AP’s DataKit: Helping teams collaborate efficiently
Data projects have many moving parts, and coordinating all the pieces can be challenging even for one enterprising journalist, let alone an entire data team simultaneously pushing on multiple fronts.
To help bring sanity to their workflow, the Associated Press developed DataKit, a simple command line tool for setting up and syncing data analysis projects. After using the tool internally for nearly two years, the AP publicly released DataKit in September 2019.
AP Data Editor Meghan Hoyer gave a tour of DataKit in a recent webinar. She said the tool has helped her team collaborate more efficiently, especially on big projects like their work covering opioid distribution trends. Though, DataKit isn't just for big projects. Every data analysis by the AP is initiated and managed with DataKit.

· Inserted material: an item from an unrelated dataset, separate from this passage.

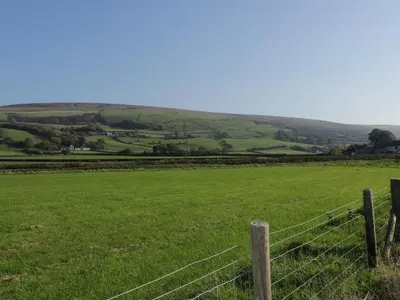 a fence in the middle of a green field at Yew Fold in Soutergate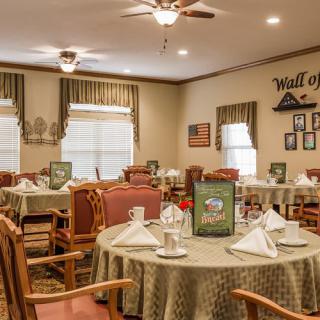 A well-arranged dining room with elegantly set tables and warm decor.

“It clears the way for you to do your best work in terms of analysis and digging into data,” Hoyer said.
Hoyer presented DataKit along with Serdar Tumgoren, DataKit's lead developer. Tumgoren previously worked with Hoyer at the AP. He currently teaches data journalism at Stanford University.

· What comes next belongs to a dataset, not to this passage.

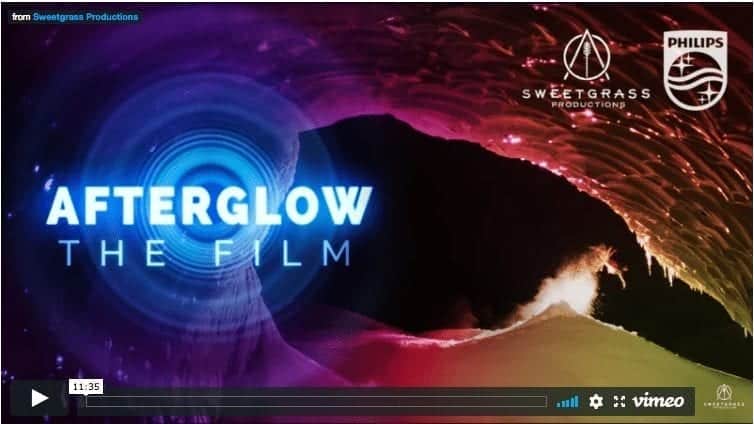 Skiers Light Up The Mountains Wearing Light Suits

Given the recent rollout, I decided to give DataKit a whirl. It's free, easy to install and, in my opinion, a great tool with a lot of potential.
DataKit is essentially a wrapper around other command line utilities you may already know. Under the hood, DataKit relies on Cookiecutter, a project templating tool that helps automate the process of setting up projects in any programming language. Data journalists at the AP tend to work in R, but DataKit would be just as suitable for those who prefer Python.
Project templates beget more consistency between projects and less fussing with all the annoying minutiae—folder structures, file names, locations of remote repositories—any of which can trip you up when dipping into someone else's code.
For a typical data analysis project, the code lives in one place (probably a GitHub repo) while the actual data live in another (probably a bucket on Amazon's Simple Storage Service).
Consequently, setting up and sharing a project requires interacting with at least two separate systems (maybe more), each with distinct controls and configurations. As a result, precious time needed to hone your analysis is instead spent navigating inscrutable command line interfaces.
DataKit aims to reduce the workflow outside of analysis to the most essential steps and collect them under a single entry point.
You can spin up a new project with one simple command:
datakit project create
After ushering you through a few prompts prescribed by your project template, DataKit drops you into your new project's directory, ready to start coding.
You can then link your new project to a pre-existing S3 bucket shared by your team:
datakit data init
Then you can push that data to that bucket:
datakit data push
Then (after cloning your project to their own machines) your colleagues can pull that data down:
datakit data pull
The AP does great work, but maybe their process doesn't exactly fit how you do data journalism. Luckily DataKit doesn't tie you down to the AP's way of doing things.
Say, for instance, you don't like the AP's scaffolding for R projects. You could fork their template, make a few tweaks, and use your version of their template in your projects.
You could also create your own template from scratch. If you go that route, check out Cookiecutter's documentation, in particular the section on pre/post-generate hooks, which allow you to further automate your project setup process. For instance, the AP's Python project cookiecutter will automatically set up a virtual environment (via Pipenv) and install pandas, ipykernel and other Python packages typically used in data analysis projects.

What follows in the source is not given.